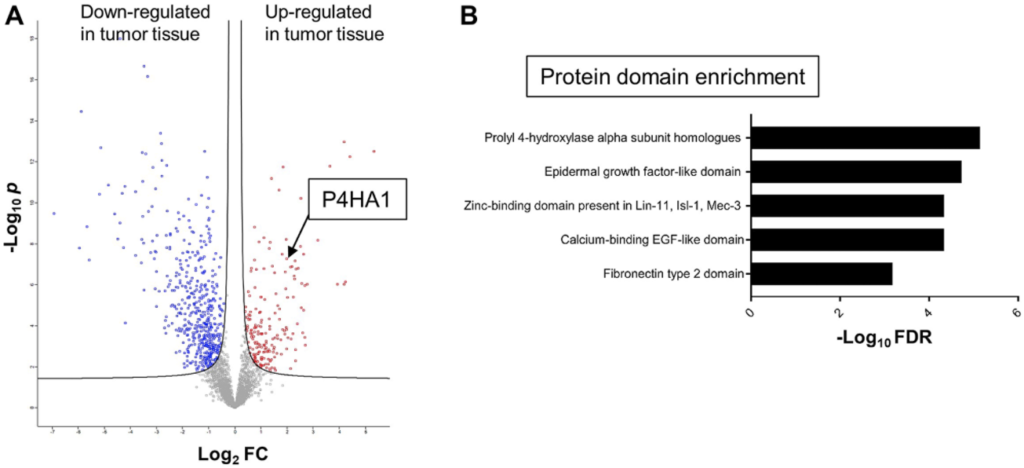 Figure 1: Mass spectrometric proteomics of CRC and global protein domain enrichment analysis.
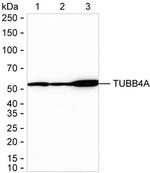 beta-4 Tubulin Antibody in Western Blot (WB)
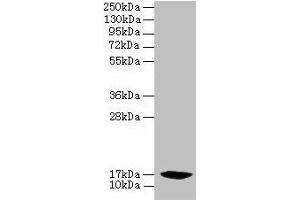 Western blot All lanes: PFDN2 antibody at 6 μg/mL + 293T whole cell lysate Secondary Goat polyclonal to rabbit IgG at 1/10000 dilution Predicted band size: 17 kDa Observed band size: 17 kDa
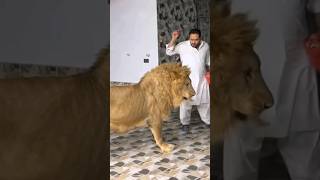 love music song lion tiger animals pets remix edm neng shotsviralshorts trendingshorts [upl. by Ivana]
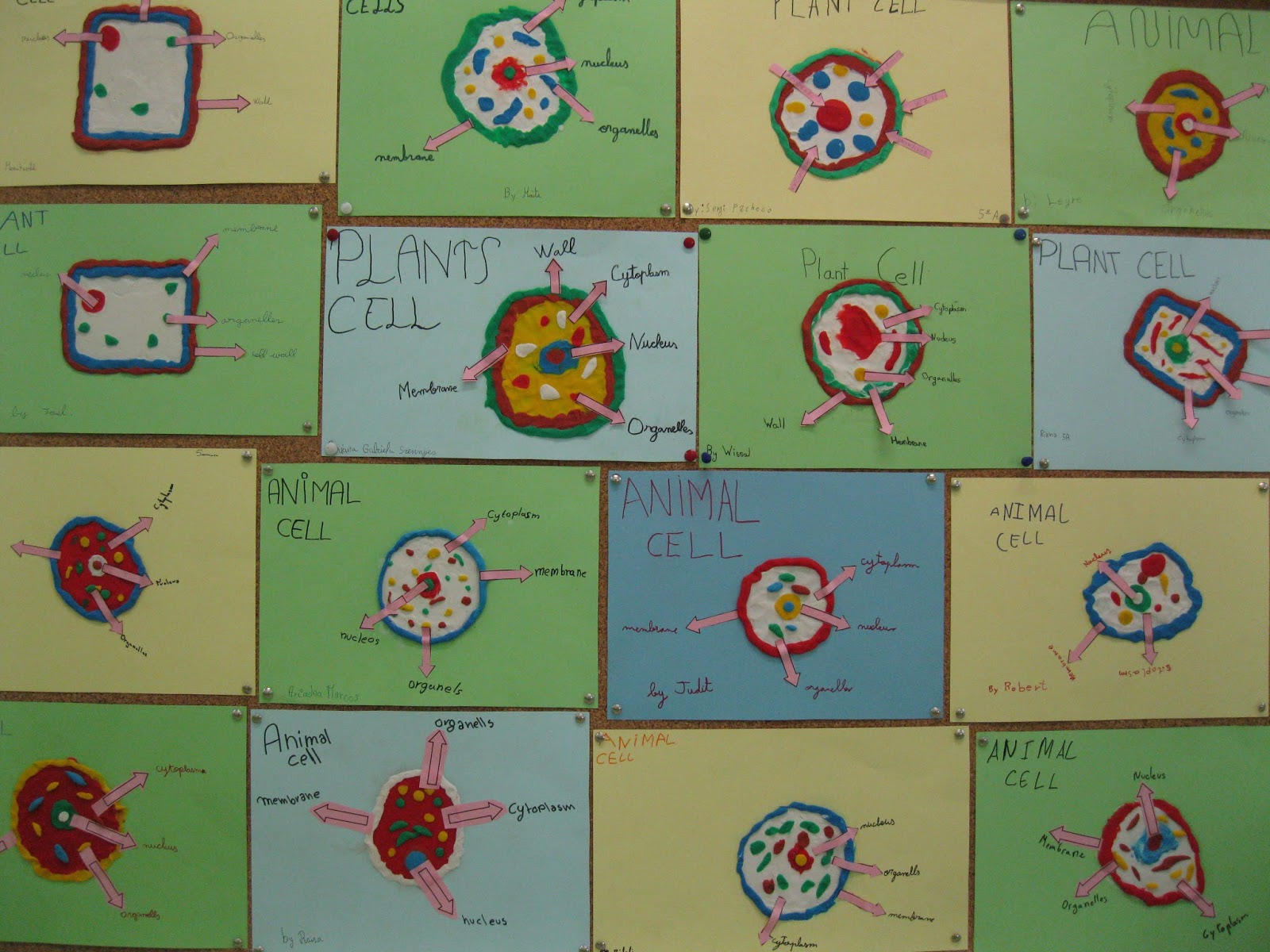 Ignasi Peraire Science Blog: Cells (5th grade)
◆ ◆ ◆ ◆ ◆ ◆ ◆
**AIM OF THE TASK**
Leaving out the pictures, print each line of the records above from the first up to and including the one that contains "beta-4 Tubulin Antibody in Western Blot (WB)", exactly as written.

**THE ANSWER**
 Figure 1: Mass spectrometric proteomics of CRC and global protein domain enrichment analysis.
 beta-4 Tubulin Antibody in Western Blot (WB)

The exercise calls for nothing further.